Background
The utilization of PD1 and CTLA4 inhibitors has revolutionized the treatment of malignant
melanoma (MM). However, resistance to targeted and immune-checkpoint-based therapies
still poses a significant problem.
Objective
Here, we mine large-scale MM proteogenomic data to identify druggable targets and
forecast treatment efficacy and resistance.
Methods
Leveraging protein profiles from established MM subtypes and molecular structures
of 82 cancer treatment drugs, we identified nine candidate hub proteins, mTOR, FYN,
PIK3CB, EGFR, MAPK3, MAP4K1, MAP2K1, SRC, and AKT1, across five distinct MM subtypes.
These proteins are potential drug targets applicable to one or multiple MM subtypes.
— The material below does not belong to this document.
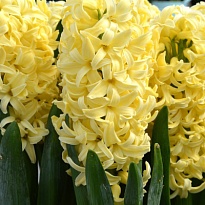 Гиацинт Yellow Queen 5шт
Additionally, by integrating proteogenomic profiles obtained from MM subtypes with
MM cell line dependency and drug sensitivity data, we identified a total of 162 potentially
targetable genes. Lastly, we identified 20 compounds exhibiting potential drug impact
in at least one melanoma subtype.
Results
Employing these unbiased approaches, we have uncovered compounds targeting ferroptosis
demonstrating a striking 30× fold difference in sensitivity among different subtypes.
Conclusions
Our results suggest innovative and novel therapeutic strategies by stratifying melanoma
samples through proteomic profiling, offering a spectrum of novel therapeutic interventions
and prospects for combination therapy.